Napoleon’s problem was that he also thought he was a ruler of genius. The worst aspect of his rule was the plundering in which, he could claim in self-defence, he was merely carrying out the orders of the Directory. Napoleon wrote to the Directory: ‘We have taken almost everything fine in Italy except a few objects which are at Turin and Naples.’ Lombardy paid 20 million francs and gave up all the paintings and works of art that could be seized by the French. Modena paid 10 million francs and twenty paintings. Pavia paid 2 million francs and twenty paintings. Some 6 million francs were seized from Venice, along with the four bronze horses of St Mark’s, the Lion of Venice and the treasure of the Doge’s Palace. From Parma he grabbed Corregio’s superb ‘Dawn in Naples’: ‘The possession of such a masterpiece at Paris will adorn that capital for ages, and give birth to similar exertions of genius.’

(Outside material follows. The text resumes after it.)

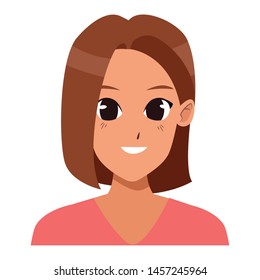 Young woman with short hair face smiling cartoon vector illustration graphic design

Galileo’s manuscripts on fortifications, many of Leonardo’s scientific treatises, and works of Giorgione, Rafael, Mantegna, Filippo Lippi and Andrea del Sarto were taken, while a hundred of Italy’s finest carriage horses were seized as ‘works of art’. The Pope was made to yield a hundred paintings, 500 manuscripts, several statues and 21 million francs in tribute. Italians were later to say that post-Napoleonic silver
was worthless, because all the antique silver had been plundered by Napoleon.
Napoleon was thought to have kept some 40 million of the 50 million francs raised for himself and his associates, including at least 3 million for himself personally. Joseph, his brother, bought a large house in Paris with his share and Letizia completely rebuilt the house at Ajaccio. Napoleon bought a house for himself on the rue de la Victoire, a large estate in Belgium and a huge house and estate on the banks of the Seine for Josephine, which cost a colossal 335,000 francs.
Napoleon’s actual exercise of power was overlaid by a combination of humbug and idealism. It is hard to separate the two, but it seems clear that he resisted the Directory in its desire to promote Italy’s developing republican sentiment. Napoleon explained his views on the new Cisalpine Republic:
The republic is divided into three parties: 1) the friends of their former government, 2) the partisans of an independent but rather aristocratic constitution, 3) the partisans of the French constitution and of pure democracy. I repress the first, I support the second, and moderate the third. I do so because the second is the party of the rich landowners and priests, who in the long run will end by winning the support of the mass of the people which it is essential to rally around the French party.